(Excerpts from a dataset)
Content starts
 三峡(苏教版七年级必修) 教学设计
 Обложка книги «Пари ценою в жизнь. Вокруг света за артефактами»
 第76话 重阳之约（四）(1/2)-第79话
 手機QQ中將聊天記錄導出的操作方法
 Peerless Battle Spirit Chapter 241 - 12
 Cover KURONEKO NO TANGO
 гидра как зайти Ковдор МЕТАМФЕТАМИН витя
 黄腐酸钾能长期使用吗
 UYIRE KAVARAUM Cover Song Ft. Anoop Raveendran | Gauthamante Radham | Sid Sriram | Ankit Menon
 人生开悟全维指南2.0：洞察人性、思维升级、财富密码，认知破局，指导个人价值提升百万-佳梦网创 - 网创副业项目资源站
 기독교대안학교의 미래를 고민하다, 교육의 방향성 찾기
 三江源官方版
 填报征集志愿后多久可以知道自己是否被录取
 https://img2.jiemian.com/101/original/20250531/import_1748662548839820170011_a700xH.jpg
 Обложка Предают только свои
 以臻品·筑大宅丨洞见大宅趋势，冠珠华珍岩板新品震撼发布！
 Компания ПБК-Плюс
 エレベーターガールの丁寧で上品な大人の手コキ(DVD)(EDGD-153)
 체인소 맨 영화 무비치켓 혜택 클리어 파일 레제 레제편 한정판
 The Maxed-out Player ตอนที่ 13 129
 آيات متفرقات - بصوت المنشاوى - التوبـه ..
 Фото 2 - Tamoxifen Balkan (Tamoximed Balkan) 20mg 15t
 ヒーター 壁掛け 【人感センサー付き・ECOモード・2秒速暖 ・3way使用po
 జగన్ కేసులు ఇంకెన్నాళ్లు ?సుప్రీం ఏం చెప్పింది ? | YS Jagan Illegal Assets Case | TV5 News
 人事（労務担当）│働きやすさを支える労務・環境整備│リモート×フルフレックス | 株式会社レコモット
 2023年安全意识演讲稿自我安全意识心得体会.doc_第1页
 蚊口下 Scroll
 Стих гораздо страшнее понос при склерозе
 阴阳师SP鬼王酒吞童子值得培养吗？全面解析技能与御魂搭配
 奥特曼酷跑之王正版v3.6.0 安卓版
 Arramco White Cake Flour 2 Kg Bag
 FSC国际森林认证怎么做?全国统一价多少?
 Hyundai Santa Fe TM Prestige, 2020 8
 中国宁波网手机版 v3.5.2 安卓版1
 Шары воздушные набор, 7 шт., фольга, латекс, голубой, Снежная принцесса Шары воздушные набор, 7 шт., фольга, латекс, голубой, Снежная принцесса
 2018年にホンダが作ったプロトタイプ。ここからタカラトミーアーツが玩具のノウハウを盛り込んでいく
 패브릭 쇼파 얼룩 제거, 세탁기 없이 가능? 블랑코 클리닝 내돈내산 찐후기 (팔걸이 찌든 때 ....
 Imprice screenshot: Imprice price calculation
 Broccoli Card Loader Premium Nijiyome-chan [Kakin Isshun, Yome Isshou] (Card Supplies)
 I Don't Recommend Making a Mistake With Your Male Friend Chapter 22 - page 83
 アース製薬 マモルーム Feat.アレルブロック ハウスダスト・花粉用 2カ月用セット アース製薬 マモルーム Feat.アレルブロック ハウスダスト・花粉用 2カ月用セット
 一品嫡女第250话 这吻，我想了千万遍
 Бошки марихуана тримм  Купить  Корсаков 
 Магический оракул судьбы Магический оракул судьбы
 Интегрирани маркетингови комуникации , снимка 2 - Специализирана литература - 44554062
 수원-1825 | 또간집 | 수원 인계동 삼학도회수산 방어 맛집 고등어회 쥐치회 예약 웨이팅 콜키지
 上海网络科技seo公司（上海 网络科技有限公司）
Content ends
Task brief —
Give back, word for word, only the lines above from the line holding "기독교대안학교의 미래를 고민하다, 교육의 방향성 찾기" to the line holding "エレベーターガールの丁寧で上品な大人の手コキ(DVD)(EDGD-153)", both included.

Answer to this problem —
 기독교대안학교의 미래를 고민하다, 교육의 방향성 찾기
 三江源官方版
 填报征集志愿后多久可以知道自己是否被录取
 https://img2.jiemian.com/101/original/20250531/import_1748662548839820170011_a700xH.jpg
 Обложка Предают только свои
 以臻品·筑大宅丨洞见大宅趋势，冠珠华珍岩板新品震撼发布！
 Компания ПБК-Плюс
 エレベーターガールの丁寧で上品な大人の手コキ(DVD)(EDGD-153)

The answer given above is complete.